Wind Scourge: Wichita’s new baseball team name doesn’t blow us away
After Wichita’s new Triple-A baseball team announced its name and logo Wednesday, it didn’t take long for residents to share their opinions:
And they call the Wind Surge pariah.
“I think that if you and I were drunk, high and having periodic grand mal seizures, we could come up with a dozen better names in half an hour,” my friend Matt wrote on my Facebook page.
“I have wind surge after drinking beer and eating tacos,” another friend wrote.
“Lame.”
“Disappointing.”
“The worst.”
“I’m embarrassed for y’all.”
And oh, the fart jokes. Even hometown sweetheart Kirstie Alley joined the chorus:
After months of speculation — during which the organization formerly known as Wichita Baseball 2020 floated four possible team names and two more logos — the Wind Surge name and winged horse logo seemed to fly in out of the blue.
I remember a conversation I had with Mayor Jeff Longwell in February, during which he said his idea for Wichita’s new ball team was Pegasus, in honor of the Boeing KC-46 tankers that landed at McConnell Air Force Base earlier this year.
On Thursday, Longwell denied any involvement in the team name or logo.
“Nope,” he said in an e-mail. “All of the naming was done by the team.”
What is a wind surge? It’s a coastal term — a rise in water level along a coastline that’s caused by heavy winds, like a storm surge during a hurricane. Makes no regional sense, considering Wichita is about as landlocked as you can get.

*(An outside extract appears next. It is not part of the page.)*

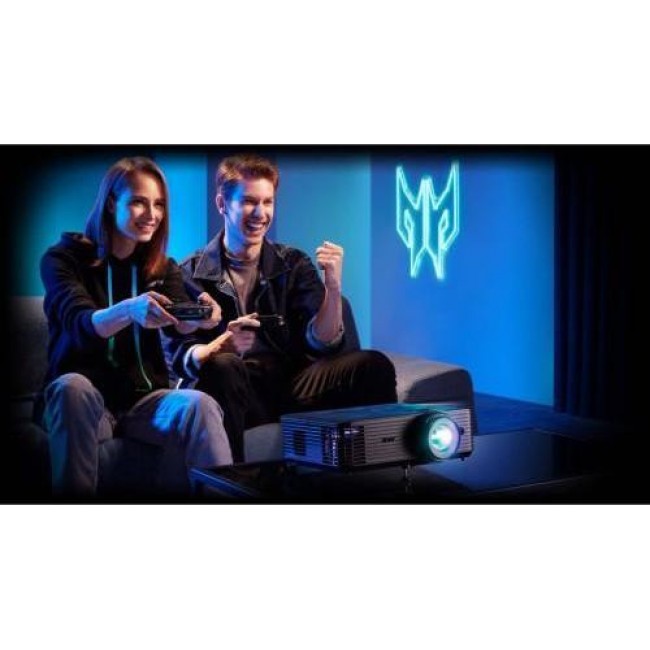 Acer Predator GM712 (MR.JUX11.001)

So the name isn’t great. It’s also not so bad that it’s great, in the realm of the Savannah Bananas, or the Hartford Yard Goats, or my personal favorite, the Rocket City Trash Pandas.
But despite a Change.org petition that by 2:30 p.m. Thursday had more than 7,000 signatures, it looks like the Wind Surge might be here to stay. For one thing, there’s a store across the street from the ball park construction site that’s full of Wind Surge and Pegasus merchandise.
It’s understandable that many Wichitans — even baseball enthusiasts — feel betrayed by the process that brought us the Wind Surge. Unlike the Trash Pandas team in Madison, Alabama, which decided its name with a public online vote, the months-long rollout of potential Wichita names seems insincere and meaningless.
Why gauge public opinion on the River Riders, 29’ers, Linemen or Doo-dahs if they were never in the running? How can you inspire passion for a team if local fans don’t feel a sense of involvement or ownership?
Unfortunately, the name seems like it’s just another chapter in the series of backroom deals and secret negotiations that brought the baseball team and its downtown stadium to Wichita.
All we can do now, I suppose, is embrace the Wind Surge in all its flatulent glory.
Team cheer? Let’s blow raspberries.
When the opposing team takes the field, our JumboTron could feature the scene from “Monty Python and the Holy Grail,” in which a French character portrayed by John Cleese shouts, “I fart in your general direction.”
As for our new Pegasus mascot, perhaps it could be recycled from the old Wichita Wranglers one: Stick some blue wings on Wilbur Wrangler, give him a new jersey, and call it good.
Some Wichitans predict that new name may grow on us, and that could be the case. Not everyone loved the Wingnuts when their name and logo were first introduced.
For now, though, of the Wind Surge — not a big fan.